Shares of Axis Bank tanked by 4.83% to Rs 801 apiece despite the private lender reporting an all-time high standalone net profit of Rs 3,133 crore in the September quarter (Q2FY22) witnessing an 86% jump to a year-ago profit of Rs 1,682 crore. The profit growth came on the back of accelerating loan growth in focus segments, limited restructuring and improving asset quality. The net interest income (NII) of the bank grew 8% YoY to Rs 7,901 crore from Rs 7,326 crore in the last year quarter. However, the net interest margin (NIM) contracted to 3.39% in the quarter, compared to 3.46% in the June quarter and 3.58% in September 2020 quarter, while the cost of funds declined further to 3.87% from 3.97% in Q1FY22 and 4.60% in Q2FY21.
The gross non-performing assets (NPA) of the lender came in at 3.53% in the second quarter, lower than 3.85% in the June quarter and 4.18% in the previous year period.
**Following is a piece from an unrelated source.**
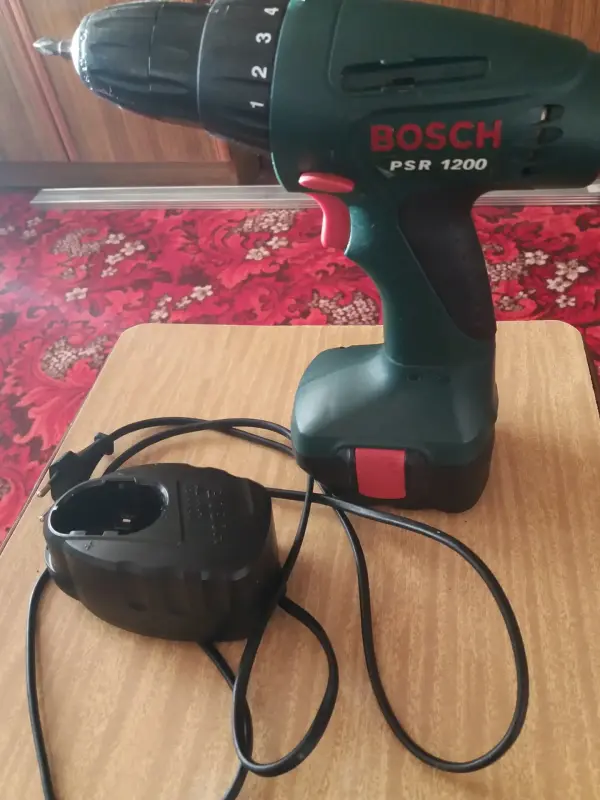 Дрель-шуруповерт BOSCH  PSR 1200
Meanwhile, the net NPA ratio during the quarter stood at l.08%. While Provisions and contingencies fell sharply by 47.5% sequentially to Rs 1,735.09 crore in Q2FY22 and YoY decline was 60%. Specific loan loss provisions for Q2FY22 were Rs 927 crore compared to Rs 2,865 crore in Q1FY22.
With such strong performance here is what brokerages have to say about the lender and its Q2 performance.
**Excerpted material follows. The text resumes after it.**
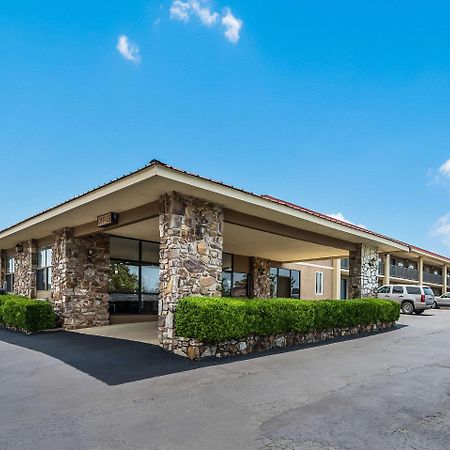 Quality Inn & Suites Hot Springs-Lake Hamilton מראה חיצוני תמונה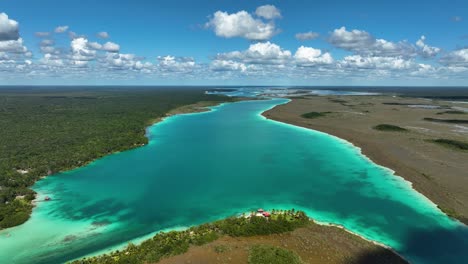 Luftaufnahme-Mit-Blick-Auf-Ein-Exotisches-Resort-An-Der-Lagune-Der-Sieben-Farben-Im-Sonnigen-Mexiko---Kreisen,-Drohnenaufnahme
Axis Bank asset quality remained strong as reflected in lower slippages and credit costs. Profit came below estimate owing to lower PPoP (Pre-provision operating Profit). The global brokerage firm has reduced its PPoP estimate for the near term but expects improvement over the next 2-3 years.
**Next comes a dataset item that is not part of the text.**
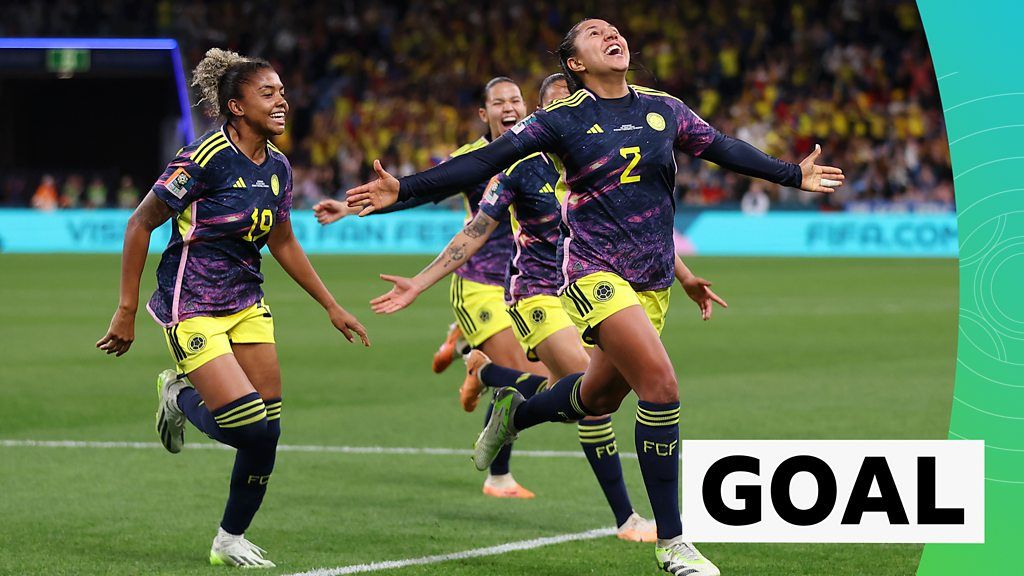 Vanegas scores dramatic late winner for Colombia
Axis Bank’s Q2 profit came ahead of estimates aided by lower credit costs. Moderation in slippages and low restructuring is another positive for the bank. Fall in NIM is limited, however is below peers and can take time to close the gap with peers. Loan growth slowed but a pick-up in retail/SME offset the fall in corporate loans.
Axis Bank demonstrated strong asset quality but posted a weak PPoP. The bank also lagged peers in loan & PPoP growth. CLSA has cut PPoP estimates by 2-4% while keeping profit estimates intact.